In Part 2 of this series, I chronicled the unique nature of the American nation and why its development reflects a wholly distinct instance of nationism. I offered my observation that American Patriotism and European Nationalism are two separate and detached ideas. In this article, I will aim to establish the reasoning behind this observation.
Many scholars often regard American Patriotism to be the American form of civic nationalism. These scholars define civic nationalism as a specific type of nationalism that involves both a national identity as well as certain ideals and values which transcend and inform that identity.
A typical slicing of nationalism calls civic nationalism or patriotism “good nationalism” while calling ethnic nationalism “bad nationalism.” Others posit that patriotism is, in fact, distinct from nationalism but suggest a small, healthy dose of nationalism informs it. My stance is that patriotism, and especially American Patriotism, is a wholly separate idea from nationalism. I am not alone in this notion.
“By ‘patriotism’ I mean devotion to a particular place and a particular way of life, which one believes to be the best in the world but has no wish to force upon other people. Patriotism is of its nature defensive, both militarily and culturally. Nationalism, on the other hand, is inseparable from the desire for power. The abiding purpose of every nationalist is to secure more power and more prestige, not for himself but for the nation…in which he has chosen to sink his own individuality.”
-George Orwell
“I’m as patriotic as anyone from sea to shining sea, but there’s not a molecule of nationalism in me.”
-William Buckley
“Patriotism is when love for your own people comes first; nationalism, when hate for people other than your own comes first.”
-Charles de Gaulle
“The difference between patriotism and nationalism is that the patriot is proud of his country for what it does, and the nationalist is proud of his country no matter what it does; the first attitude creates a feeling of responsibility, but the second a feeling of blind arrogance that leads to war.”
-Sydney J. Harris
Now, obviously, I’ll have to unpack this idea that patriotism is entirely different from nationalism. As I mentioned in Part 1, nationalism has been used as far too broad of a descriptive term. This has led to the envelopment of wholly disconnected ideas under a single term.
In Part 1, I laid out the various well-known definitions for nationalism and deduced its chief elements. My claim in this article is that there is a clear line of demarcation between nationalism and patriotism.

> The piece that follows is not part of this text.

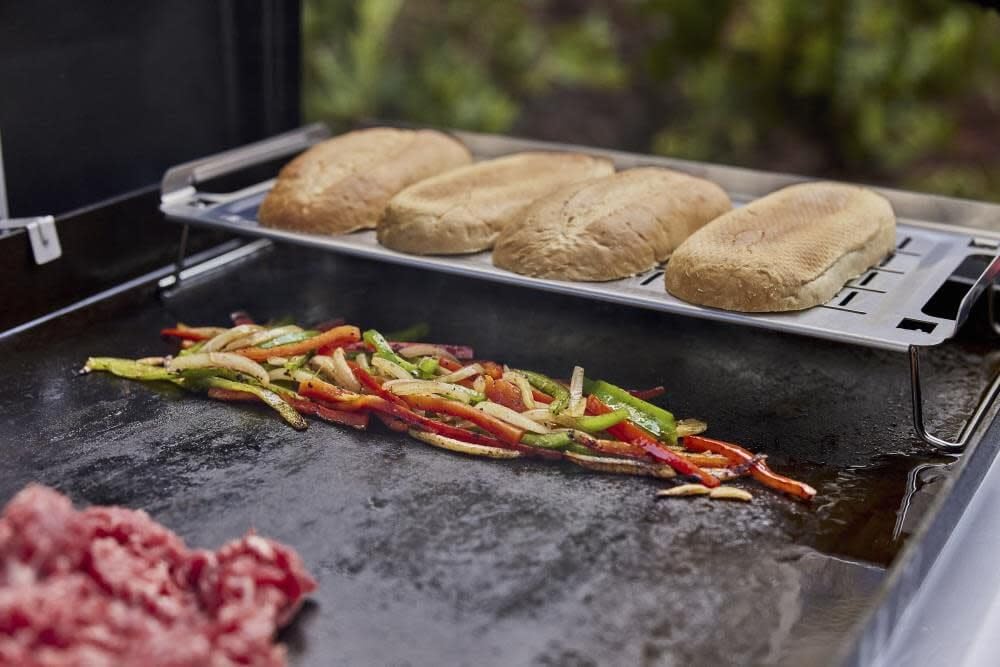 Weber Griddle Warming Rack collapsible-legs stores compactly after cooking.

We can place all the positive aspects of “good nationalism” under the umbrella of patriotism’s definition. We do not need to allow patriotism to share ideological space with the negative aspects of “bad nationalism.”
If we can discern nationalism to be a modern expression of tribalism. If we can regard nationism as a process often followed by nationalism but not inevitably leading to it. And, if we can see patriotism as pure civic virtue. Then it becomes easy to deduce where the break between nationalism and patriotism is.
Civic virtue holds principles and ideals as the highest interest. A healthy sense of civic virtue includes ideas such as the sovereignty of the mind, individual liberty and autonomy, human rights, civil decency, self-governance, self-determination, and popular sovereignty. A patriot readily stands against his own nation if it becomes hostile towards these things.
Nationalism reduces principles and ideals to cursory concerns. The ideas held sacred by civic virtue are only of value to a nationalist so long as they serve the nation’s collective sense of narrow self-interest first. Nationalism invites heavy feelings of national supremacy and arrogance. It tends towards collectivist notions of citizenship as surpassing and subserviating individual identity. The individual, under a nationalist regime, either must define their identity as the nation’s identity or become an enemy of the state.
A patriot and a nationalist are wholly different forms of citizenship. A patriot is a free individual guided by civic virtue who holds to principles and values that transcend the state. A nationalist is a subsumed individual who is guided by nothing and beholden to nothing but the state. A patriot is an individualist. A nationalist is a statist.
Note that these are not mere abstract musings. These are reflections upon history. Every truly nationalist state has followed the patterns we’re discussing. As we consider this, how can we rationally conclude that patriotism is “good nationalism”? Can a passing likeness in some aspects of patriotism and nationalism surmount their fundamental opposition to each other? At its heart, patriotism represents a victory of rights and reason over the human drive for tribe and faction. How then can patriotism be a sub-category of nationalism, which places tribe and faction above all else?
Patriotism, as we have discussed it here, seems better defined as nationalism’s antithesis, not a branch of its doctrines.